Dans cet ouvrage, l’une de nos priorités a été de recalibrer toutes ces balances, de rappeler que des gens ont bel et bien vécu ainsi pendant des siècles, parfois des millénaires. D’une certaine manière, cela nous conduit à une conclusion encore plus tragique que celle du récit conventionnel qui voit dans la « civilisation » une chute inévitable de l’état de grâce. Car cela veut dire que nous aurions pu développer des conceptions totalement différentes du vivre ensemble ; que l’asservissement de masse, les génocides, les camps de prisonniers, le patriarcat ou même le salariat auraient pu ne jamais voir le jour. Mais il y a aussi une autre manière de voir les choses : les possibilités qui s’ouvrent à l’action humaine aujourd’hui même sont bien plus vastes que nous ne le pensons souvent.

La citation de Carl Jung avec laquelle nous avons débuté ce livre fait référence à ces moments particuliers de l’histoire d’une société qui bouleversent ses cadres de référence, transforment ses principes et symboles fondamentaux, brouillent les frontières entre mythe et histoire, ou entre science et magie – ces moments où, par conséquent, de vrais changements peuvent advenir. Les Grecs appelaient cela le kairos, l’occasion à saisir. Les philosophes, eux, utilisent parfois la notion d’« événement » – une rupture capitale (révolution politique, invention scientifique, chef-d’œuvre artistique…) révélant des aspects de la réalité qui étaient inimaginables auparavant mais qui, une fois connus, ne peuvent plus être ignorés. En ce sens, le kairos représente le genre d’époque où des événements sont susceptibles de se produire.

Un grand nombre de sociétés à travers le monde semblent actuellement se précipiter vers un tel moment de leur histoire, à commencer par celles qui, depuis la Première Guerre mondiale, se définissent comme « occidentales ». Il est évident que les découvertes fondamentales en science physique, ou même dans le champ de l’expression artistique, ne progressent plus à la cadence fulgurante à laquelle nous nous étions habitués au tournant du XXe siècle.

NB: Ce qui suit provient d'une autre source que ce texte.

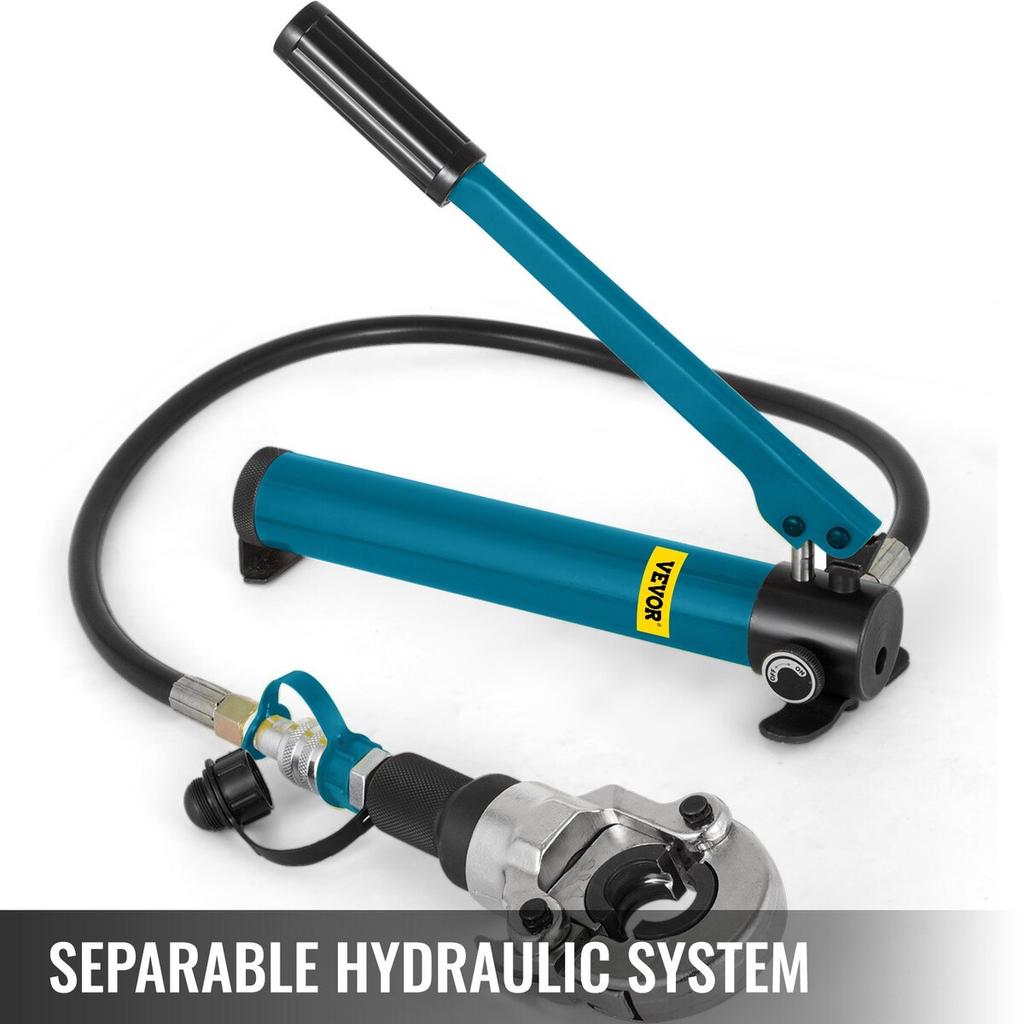 6T Hydraulic Crimping Tool V12-28mm TH16-32mm Press Pliers, V-shaped/TH-Shaped Pipe Crimping Pliers, Jaws 360° Head Hand-Held Press Pliers PE-X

En revanche, les instruments scientifiques dont nous disposons pour comprendre l’histoire de l’homme et de la planète se développent, eux, à un rythme étourdissant. Contrairement à ce qu’espéraient peut-être les férus de science-fiction des années 1950, les chercheurs de l’an 2020 ne rencontrent pas des civilisations extraterrestres venues de systèmes stellaires lointains, mais ils trouvent juste sous leurs pieds des formes de société radicalement différentes de la nôtre – certaines oubliées et redécouvertes depuis peu, d’autres déjà connues, mais désormais appréhendées sous des angles inédits.

L’amélioration des outils scientifiques d’exploration du passé a révélé au grand jour les fondements mythiques de nos « sciences sociales ». Ces axiomes qui nous paraissaient inattaquables, ces repères bien ancrés autour desquels s’organisait la connaissance de notre propre espèce, s’égaillent aujourd’hui comme une nichée de souris. À quoi bon emmagasiner tout ce savoir nouveau s’il ne nous sert pas à revisiter l’idée que nous nous faisons de ce que nous sommes et de ce que nous pourrions encore devenir – s’il ne nous permet pas de redécouvrir la signification de notre troisième liberté élémentaire, la liberté d’inventer des réalités sociales jamais expérimentées à ce jour ?

Le problème ici, ce ne sont pas les mythes. Il ne faut pas les confondre avec des connaissances scientifiques erronées ou infantiles. De même que toutes les sociétés ont leur science, toutes les sociétés ont leurs mythes, qui donnent une structure et un sens à leur expérience. Le problème, c’est la lecture mythique de l’histoire mondiale qui s’est déployée ces derniers siècles et qui n’est tout simplement plus opérante. Non seulement elle est irréconciliable avec les données brutes qui s’étalent sous nos yeux, mais les interprétations et définitions qu’elle conforte sont clinquantes, défraîchies et désastreuses sur le plan politique.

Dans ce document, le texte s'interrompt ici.